Suthida Bajrasudhabimalalakshana (, , ), born Suthida Tidjai (; 3 June 1978), is Queen of Thailand as the fourth wife of King Vajiralongkorn. Before their marriage, she was a flight attendant. After joining the Thai military, she was promoted to King’s bodyguard.

Early life and education
Suthida was born on 3 June 1978 to the Tidjai family, Kham (father) and Jangheang (mother). She is ethnically Hokkien, coming from a Thai Chinese family. She graduated from Hatyaiwittayalai Somboonkulkanya Middle School and Assumption University with a bachelor's degree in communication arts in 2000. Suthida was formerly a flight attendant for JALways – a Japan Airlines' subsidiary – from 2000 to 2003 and later Thai Airways International in 2003 until 2008.

Crown Prince's guard
Suthida was appointed commander of Crown Prince Vajiralongkorn's household guard in August 2014. As early as 2010, Suthida was linked romantically to the crown prince, who was then still married to Srirasmi Suwadee. In October 2016, international media reports labeled her as the designated king's "consort", despite the palace never officially declaring their relationship.

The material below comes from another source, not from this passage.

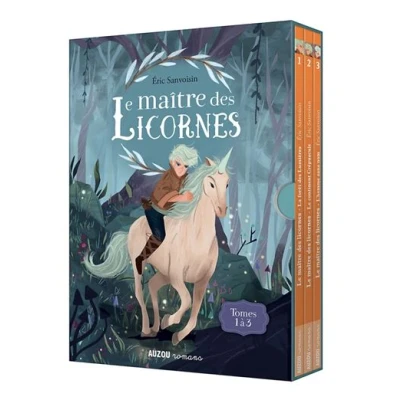 Image de Coffret trilogie Le maître des licornes Tomes 1 à 3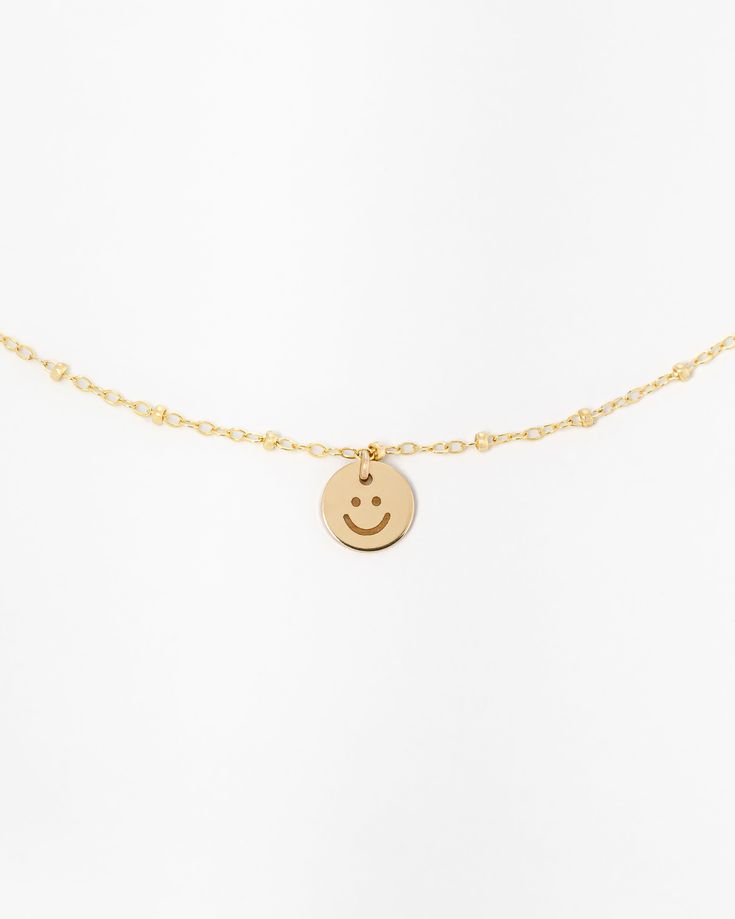 The Happy Charm necklace is a special collaboration between Pointe Studio and Sayre Sweatproof Jewelry. This collaborative piece combines Pointe Studio's signature Happy style with Sayre's renowned sweat-proof and hypoallergenic craftsmanship. Featuring a "happy" pendant, this necklace is designed to inspire positivity and confidence. A beautiful reminder to embrace a balanced and happy life, perfect for wearing from your studio sessions to everyday adventures. Details:14K Gold Filled18 Inchesavailable in gold or silver We recommended pairing it with our Happy Collection. Sweatproof Jewelry, Everyday Adventures, Blog Instagram, Sweat Proof, Gift Card Sale, Sport Socks, The Happy, Happy Life, Charm Necklace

On 13 October 2017, she was named a Dame Grand Cross (First Class) of The Most Illustrious Order of Chula Chom Klao, which bestows the title Than Phu Ying (). She is the first female officer to receive this honour since 2004 and the first in the reign of King Rama X.

Royal Thai Army service
On 1 December 2016, she was appointed Commander of the Special Operations Unit of the King's Guard and promoted to the rank of general. She reached her present rank after only six years of service. She has successfully completed several military training courses.

On 1 June 2017, she was appointed as acting commander of Royal Thai Aide-de-camp Department following the reorganization of the Royal Security Command.

Queen consort

On 1 May 2019, Suthida was made Queen of Thailand of King Vajiralongkorn whose coronation took place in Bangkok on 4–6 May 2019. The marriage registration took place at the Amphorn Sathan Residential Hall in Bangkok, with her sister-in-law Princess Sirindhorn and President of Privy Council Prem Tinsulanonda as witnesses.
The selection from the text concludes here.